The incident, which is where Urbina works, made “the dangers of providing abortions a reality,” she said.
“I’m a mom of two little girls, and with another one on the way, and these protesters seeing me—a pregnant person—offering abortions I’m sure is something that they probably can’t deal with,” said Urbina. Even so, as a Chicana provider, Urbina feels it is especially important to continue her work to normalize and destigmatize abortion within the Latinx community, she said. “It’s something that I don’t take lightly when I continue to choose to do this work and continue to be there for my community because I think it’s definitely important.”
Dr. Ashley Jeanlus, a current complex family planning fellow at UCSF, said the hospital held security trainings for abortion providers about digital security and best practices when entering the building.
“I don’t know what other specialities [in medicine] in terms of their training and their education get that talk, as to how to protect yourself, how to make sure that you’re not providing your information or details about your location on the internet, how to park away from your clinical site, not to wear your scrubs to the clinic,” Jeanlus said.
A looming labor force crisis
In California, doctors at the University of California, San Francisco, told Prism they’d already been seeing patients from Texas as a result of SB 8, and patients often arrived later in pregnancy than other patients. Without Roe, “the wait time to get in to have a termination is going to be prolonged,” said Urbina.
Abortion providers have a limited number of patients they can see per day, and doctors like Urbina also see patients from abortion clinic deserts in California—even with state leaders’ commitment to protecting abortion rights.
Dr. Tania Serna, another gynecologist as well as associate professor at UCSF, said doctors are still catching up on appointments people put off during earlier waves of the COVID-19 pandemic.
“It’s been worsened due to the COVID pandemic,” Serna said. “We’re feeling a lot of strain.”
Training options for budding medical professionals will likely also drop. Nearly 44% (2,638 of 6,007) future OB/GYNs who are currently in their residency are either certain or unlikely to access in-state abortion training, according to an April paper in the scientific journal Obstetrics & Gynecology.
That amounts to thousands of fewer future gynecologists who won’t have equal access to necessary training on how to remove pregnancy tissue, for example—a procedure doctors carry out to complete an abortion or to stop excessive bleeding and prevent infection after a miscarriage.

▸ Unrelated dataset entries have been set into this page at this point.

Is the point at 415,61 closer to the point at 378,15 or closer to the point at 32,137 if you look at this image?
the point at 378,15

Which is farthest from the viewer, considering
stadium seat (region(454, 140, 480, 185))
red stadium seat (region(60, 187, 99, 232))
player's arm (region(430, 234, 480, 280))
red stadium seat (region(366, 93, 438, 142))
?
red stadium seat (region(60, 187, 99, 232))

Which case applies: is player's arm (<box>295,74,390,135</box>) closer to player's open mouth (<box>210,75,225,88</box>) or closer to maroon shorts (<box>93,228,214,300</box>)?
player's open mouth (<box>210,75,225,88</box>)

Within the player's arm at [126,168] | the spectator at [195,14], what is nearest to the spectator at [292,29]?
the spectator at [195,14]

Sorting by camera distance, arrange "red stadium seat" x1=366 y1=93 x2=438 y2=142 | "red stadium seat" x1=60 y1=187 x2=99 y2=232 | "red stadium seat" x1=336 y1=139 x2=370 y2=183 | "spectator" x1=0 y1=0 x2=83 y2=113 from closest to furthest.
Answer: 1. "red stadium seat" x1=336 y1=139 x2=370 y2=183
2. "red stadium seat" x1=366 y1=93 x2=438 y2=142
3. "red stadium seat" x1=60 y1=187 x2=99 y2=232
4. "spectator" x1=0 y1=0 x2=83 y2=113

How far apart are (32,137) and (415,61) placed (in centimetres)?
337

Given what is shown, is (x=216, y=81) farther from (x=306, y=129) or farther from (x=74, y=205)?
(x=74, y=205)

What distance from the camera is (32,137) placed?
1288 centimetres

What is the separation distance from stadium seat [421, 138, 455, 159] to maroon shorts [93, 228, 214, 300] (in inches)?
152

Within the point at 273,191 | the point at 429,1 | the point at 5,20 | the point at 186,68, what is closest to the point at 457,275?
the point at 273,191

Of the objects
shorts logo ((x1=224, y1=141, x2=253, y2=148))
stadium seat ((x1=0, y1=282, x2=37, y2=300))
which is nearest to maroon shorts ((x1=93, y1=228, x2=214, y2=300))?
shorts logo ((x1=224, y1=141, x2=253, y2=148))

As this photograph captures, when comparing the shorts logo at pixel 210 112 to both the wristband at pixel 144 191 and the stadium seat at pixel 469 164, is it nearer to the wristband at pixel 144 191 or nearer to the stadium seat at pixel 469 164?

“There’s not really going to be the bandwidth for training in post-Roe America, so that’s going to be a significant concern,” added Taylor, the Arizona abortion provider.

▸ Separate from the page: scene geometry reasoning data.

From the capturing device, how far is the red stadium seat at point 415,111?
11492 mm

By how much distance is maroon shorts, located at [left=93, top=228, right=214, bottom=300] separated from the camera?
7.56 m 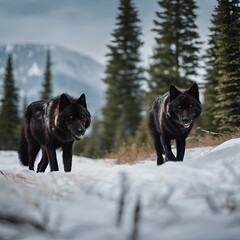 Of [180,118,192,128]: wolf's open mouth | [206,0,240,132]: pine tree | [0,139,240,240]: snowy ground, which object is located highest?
[206,0,240,132]: pine tree

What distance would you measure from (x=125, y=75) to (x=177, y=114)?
26.8 metres

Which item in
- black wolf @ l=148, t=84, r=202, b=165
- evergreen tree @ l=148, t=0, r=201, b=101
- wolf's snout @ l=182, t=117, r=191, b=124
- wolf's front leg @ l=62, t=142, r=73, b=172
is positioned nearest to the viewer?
wolf's snout @ l=182, t=117, r=191, b=124


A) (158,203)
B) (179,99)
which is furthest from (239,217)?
(179,99)

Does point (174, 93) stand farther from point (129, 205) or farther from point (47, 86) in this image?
point (47, 86)

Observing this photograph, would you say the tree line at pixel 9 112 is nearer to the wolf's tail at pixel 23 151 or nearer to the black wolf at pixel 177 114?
the wolf's tail at pixel 23 151

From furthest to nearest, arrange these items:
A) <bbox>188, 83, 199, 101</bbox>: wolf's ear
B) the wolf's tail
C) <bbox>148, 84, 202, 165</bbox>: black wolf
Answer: the wolf's tail, <bbox>188, 83, 199, 101</bbox>: wolf's ear, <bbox>148, 84, 202, 165</bbox>: black wolf

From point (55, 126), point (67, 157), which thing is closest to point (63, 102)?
point (55, 126)

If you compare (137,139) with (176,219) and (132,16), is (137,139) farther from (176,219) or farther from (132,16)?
(176,219)

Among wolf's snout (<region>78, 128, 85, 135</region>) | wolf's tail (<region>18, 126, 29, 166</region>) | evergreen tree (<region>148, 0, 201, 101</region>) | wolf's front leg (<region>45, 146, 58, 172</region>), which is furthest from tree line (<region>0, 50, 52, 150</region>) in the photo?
wolf's snout (<region>78, 128, 85, 135</region>)

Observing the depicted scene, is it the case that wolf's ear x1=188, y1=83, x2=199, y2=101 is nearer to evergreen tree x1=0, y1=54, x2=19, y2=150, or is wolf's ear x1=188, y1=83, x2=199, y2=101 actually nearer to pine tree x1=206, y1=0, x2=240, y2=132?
pine tree x1=206, y1=0, x2=240, y2=132

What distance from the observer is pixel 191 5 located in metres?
25.9

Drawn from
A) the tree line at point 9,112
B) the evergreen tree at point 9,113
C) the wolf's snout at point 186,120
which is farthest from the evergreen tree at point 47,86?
the wolf's snout at point 186,120

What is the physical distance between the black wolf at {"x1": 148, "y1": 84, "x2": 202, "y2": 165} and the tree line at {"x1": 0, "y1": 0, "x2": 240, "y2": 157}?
17.9 ft

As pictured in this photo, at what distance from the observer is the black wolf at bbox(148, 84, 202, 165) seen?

Where abortion providers can legally work is also uncertain. Jeanlus had been waiting on the Dobbs decision to determine what state she’ll find a job in after she finishes her fellowship at UCSF.
“The question I get a lot is, ‘Oh, hey Ashley, what are you going to do next year?’” she said. “I essentially tell them [that I was waiting] to learn what the Dobbs decision is because that will dictate which states I [will] be able to work in, which is horrendous.”
Serna said her hospital is training emergency medicine health care workers in post-abortion care and self-managed abortion to mitigate the damage. “We are not backing down, we are still here and prepared for all [who] come into our clinics seeking care, to all seeking training, and to all who wish to learn about ways to support access to evidence-based, patient-centered care,” she said.